## Your goal
A word-for-word copy of the data, with no images, is the required answer.

## Information shown

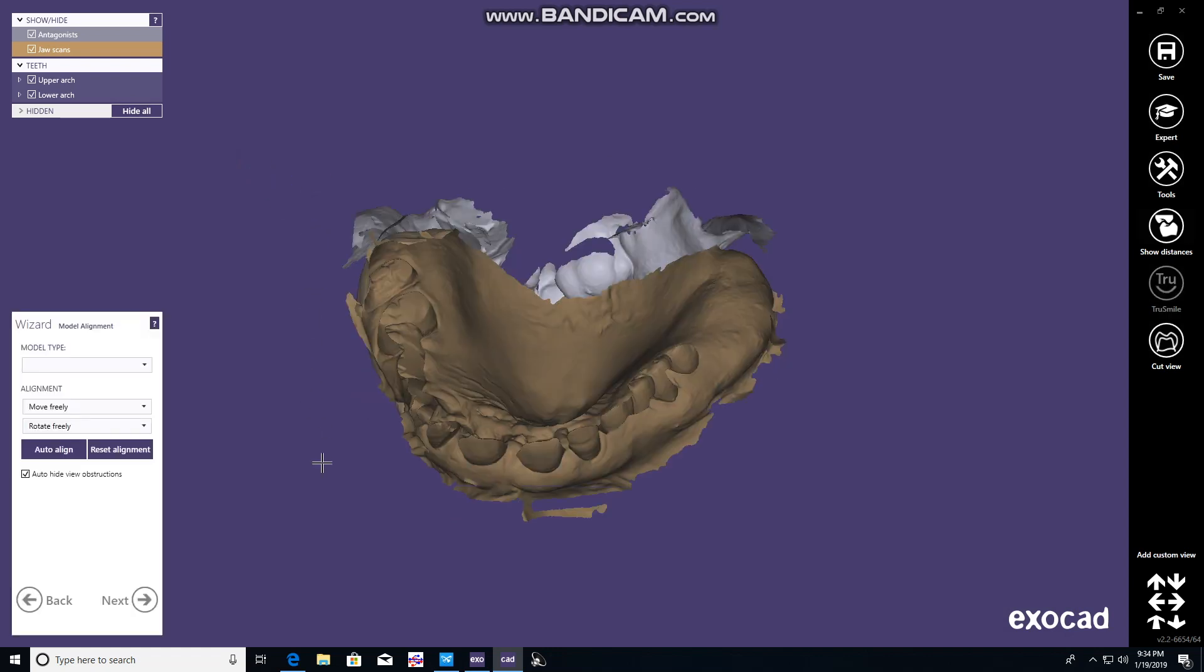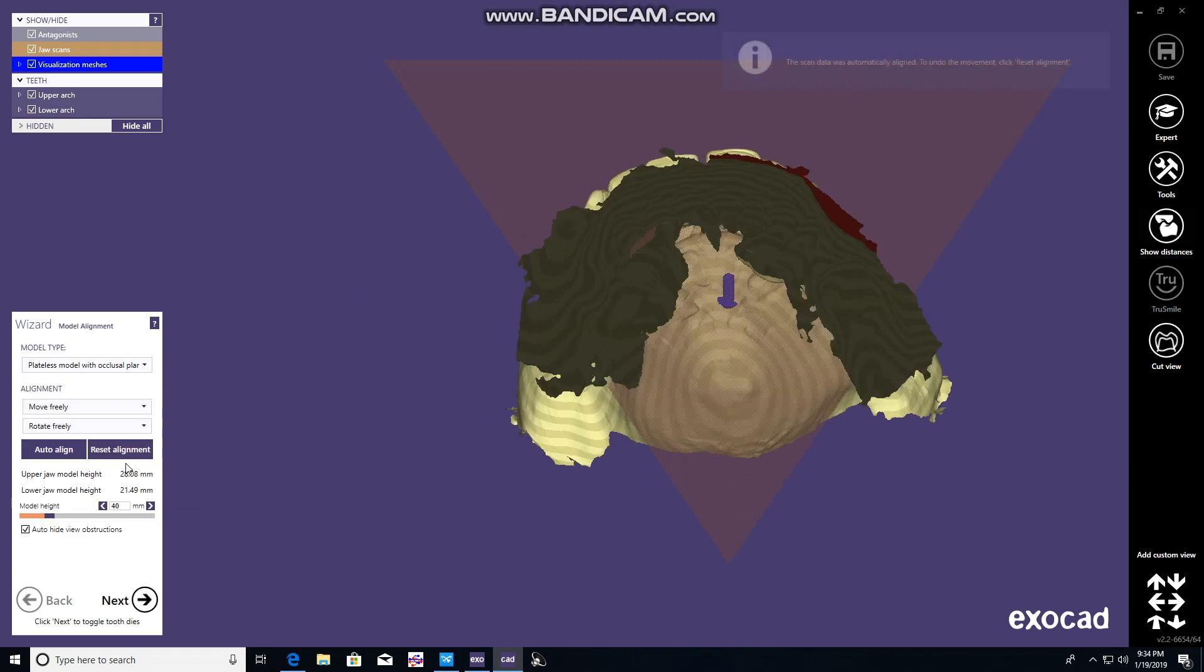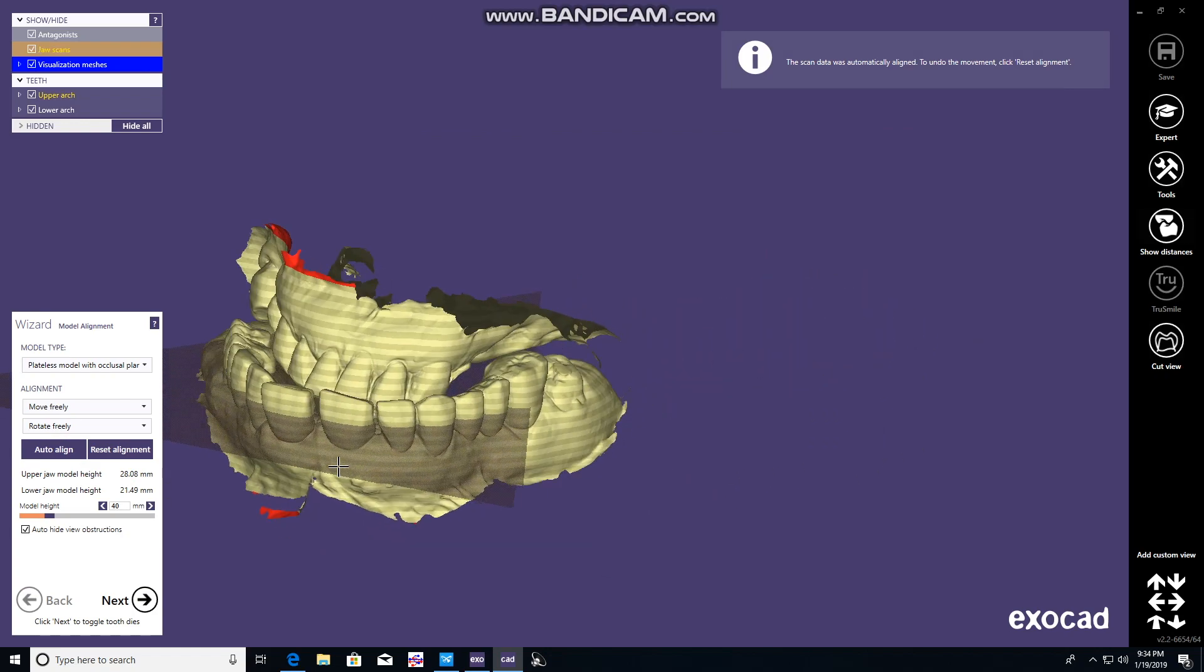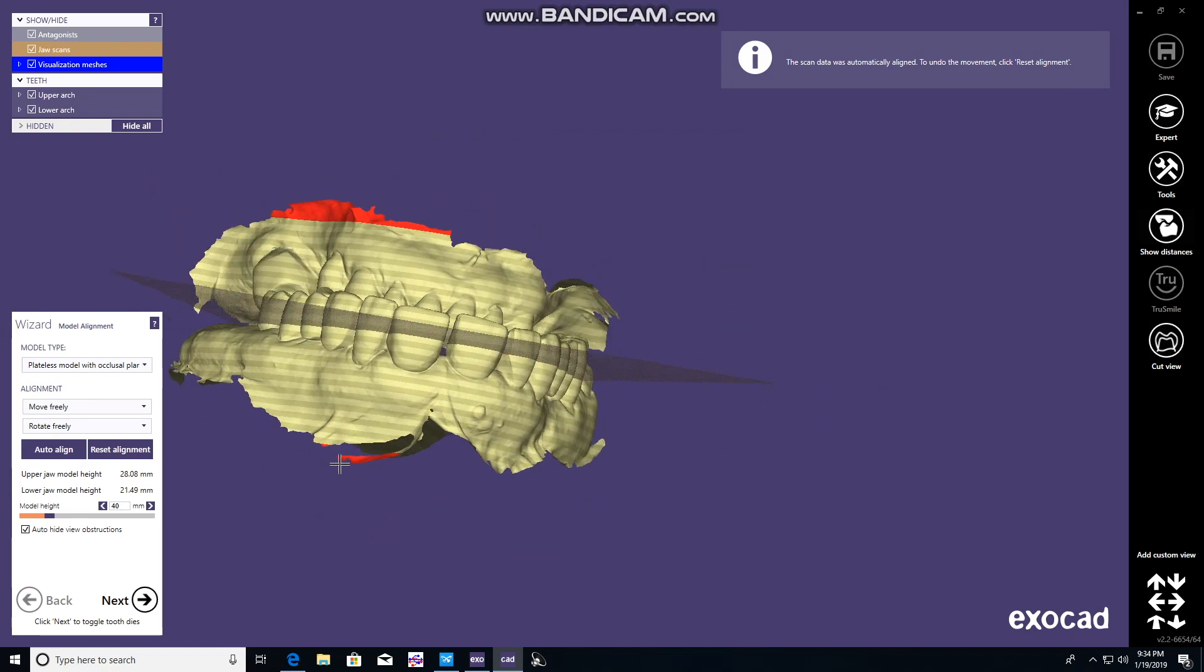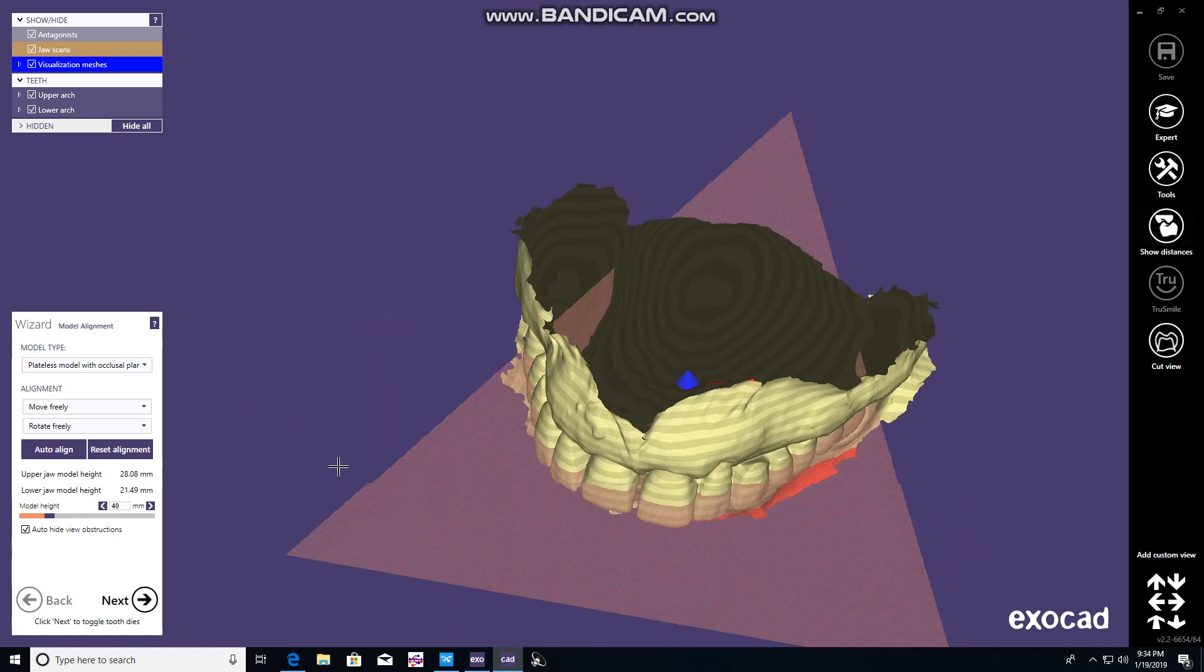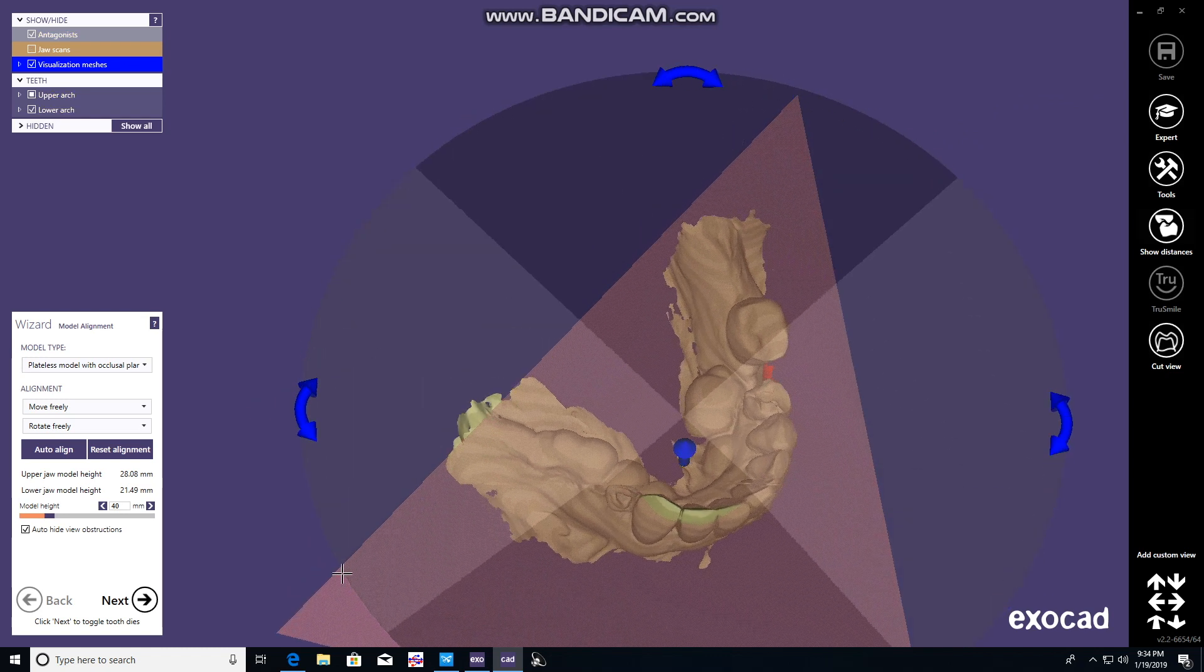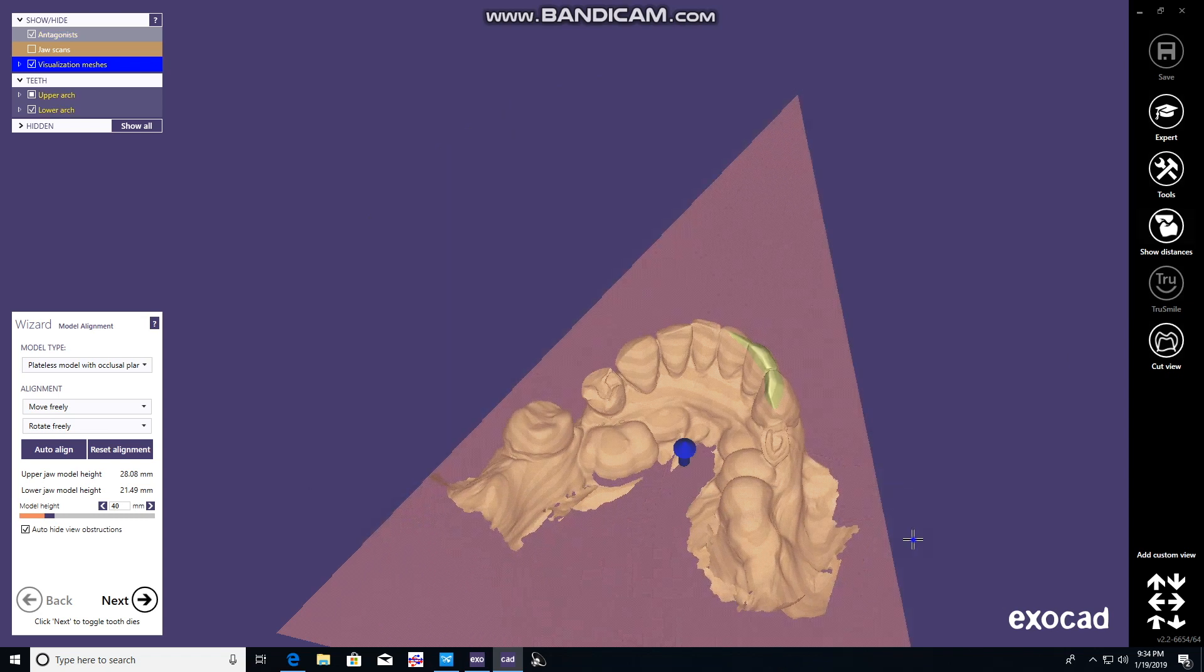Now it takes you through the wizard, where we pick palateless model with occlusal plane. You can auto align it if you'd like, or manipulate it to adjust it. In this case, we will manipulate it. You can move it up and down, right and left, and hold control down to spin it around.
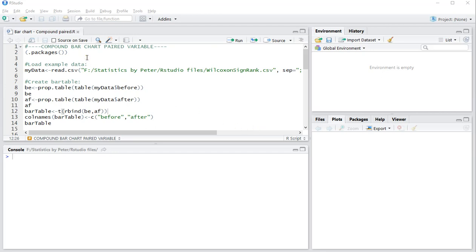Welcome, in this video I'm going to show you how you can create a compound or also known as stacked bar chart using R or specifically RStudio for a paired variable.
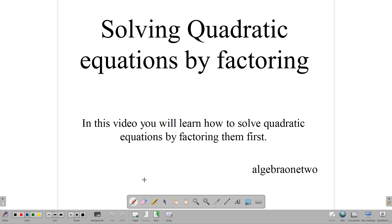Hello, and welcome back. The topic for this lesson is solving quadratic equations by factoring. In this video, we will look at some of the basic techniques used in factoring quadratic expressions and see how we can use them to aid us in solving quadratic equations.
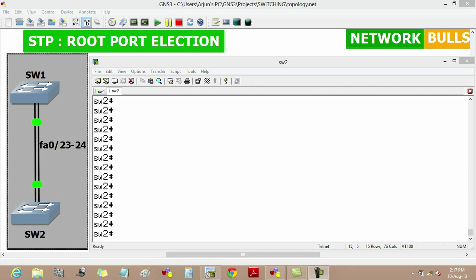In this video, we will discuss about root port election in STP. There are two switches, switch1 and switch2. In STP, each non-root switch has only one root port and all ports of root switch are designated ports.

## Solution to this problem
Now it takes you through the wizard, where we pick palateless model with occlusal plane. You can auto align it if you'd like, or manipulate it to adjust it. In this case, we will manipulate it. You can move it up and down, right and left, and hold control down to spin it around.
Welcome, in this video I'm going to show you how you can create a compound or also known as stacked bar chart using R or specifically RStudio for a paired variable.
Hello, and welcome back. The topic for this lesson is solving quadratic equations by factoring. In this video, we will look at some of the basic techniques used in factoring quadratic expressions and see how we can use them to aid us in solving quadratic equations.
In this video, we will discuss about root port election in STP. There are two switches, switch1 and switch2. In STP, each non-root switch has only one root port and all ports of root switch are designated ports.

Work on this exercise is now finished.